The waveform applied to the coil 156 may be sinusoidal, triangular-wave or square-wave, or even a pulse. The frequency is generally assigned and the bandwidth is typically narrow. Other waveform patterns may also be used. Appropriate frequency or frequencies of the current may be chosen such that the induced surface current is sufficient to plate metal on the wafer surface. Generally, higher the frequency, higher the effect of confining surface current towards the surface of the wafer being plated. This effect is particularly beneficial when the metal layer on the wafer surface is thin and resistive (for example at the start of the plating process) since sensitivity to such metal layers is increased. In one embodiment, the frequency of the current is approximately on the order of 10 MHz, but may be in the range of 1 kHz to 50 MHz depending on the application, characteristics of the wafer surface, electrolyte, etc. In certain applications, it may be advantageous to use microwave power. In addition, the waveform of the current may be adjusted depending on the specific design of the electrode assembly, electrolyte, desired properties of the copper being plated, etc.

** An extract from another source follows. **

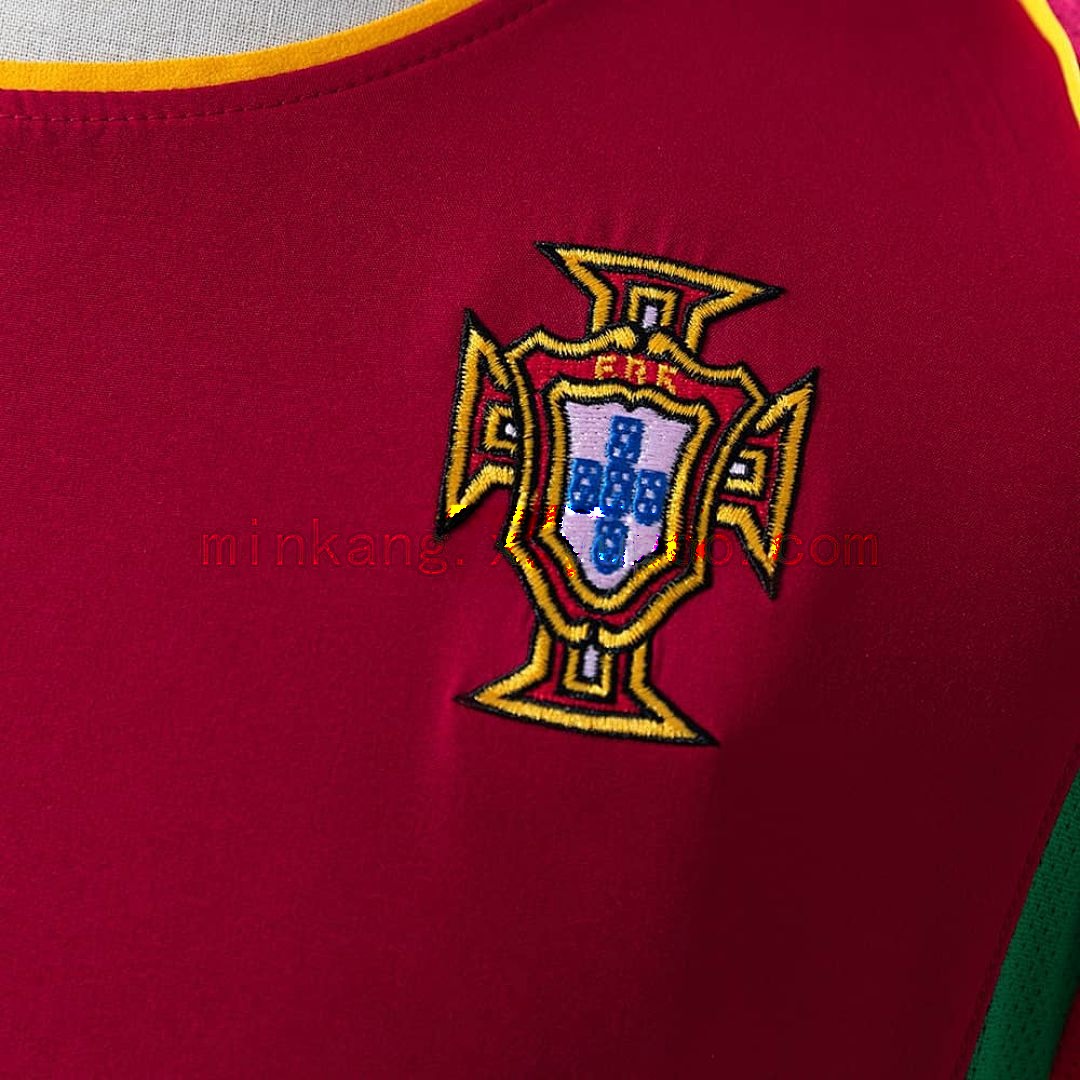 Retro Portugal 2002 home S-XXL 4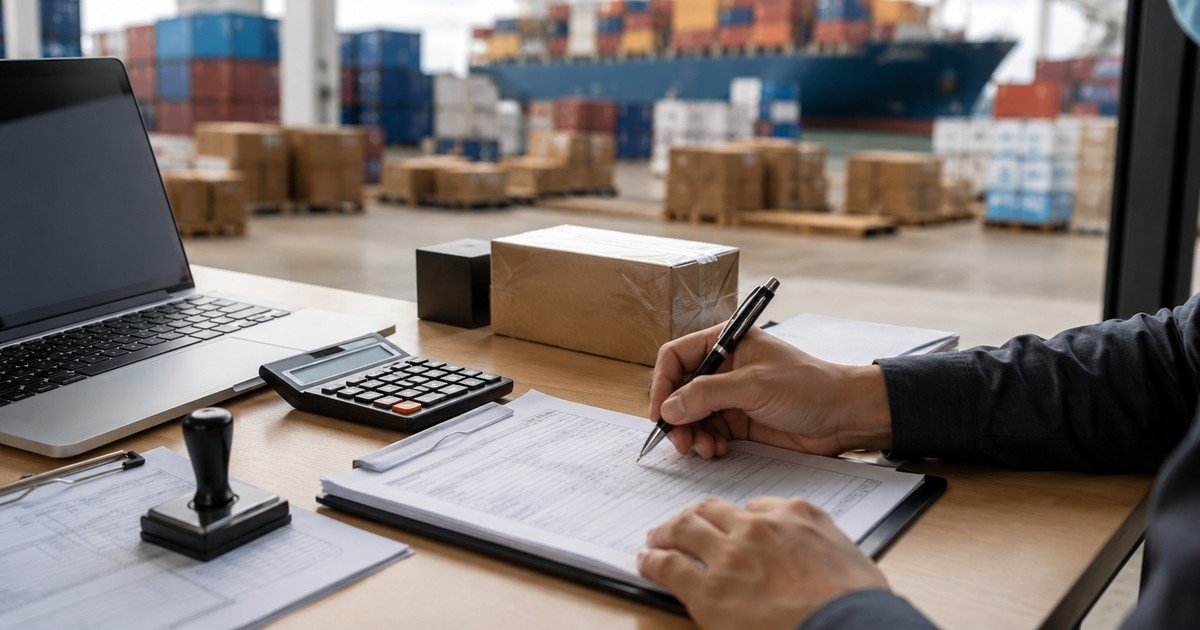 Commercial Invoice Checklist for International Shipments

In certain processes power dissipation may be a concern, which may require lower current values to be used. Frequency also affects power dissipation since reactance is present in the contactless electrode element In some instances, power dissipation may be controlled by controlling the duty cycle of the waveform. In other processes, it may be desirable to plate on conducting layers with poor spatial uniformity of conductivity due to variations in grain structure, uneven heat treatment, etc. These, and other such processes may be tailored by appropriate combination and adjustment of the coil properties and circuit parameters of the generated current

Once the electrolyte is introduced into the process region 140, the plating sequence may begin. Even though the electrolyte may be corrosive and/or conductive, the dielectric material of the housing 150 protects the encased inductive element 155. The dielectric material may be selected from a non-porous material to provide corrosion resistance (e.g. urethane or ceramics) as well or a coating may be placed on the dielectric material (such as Teflon™ coating) for the corrosion resistance.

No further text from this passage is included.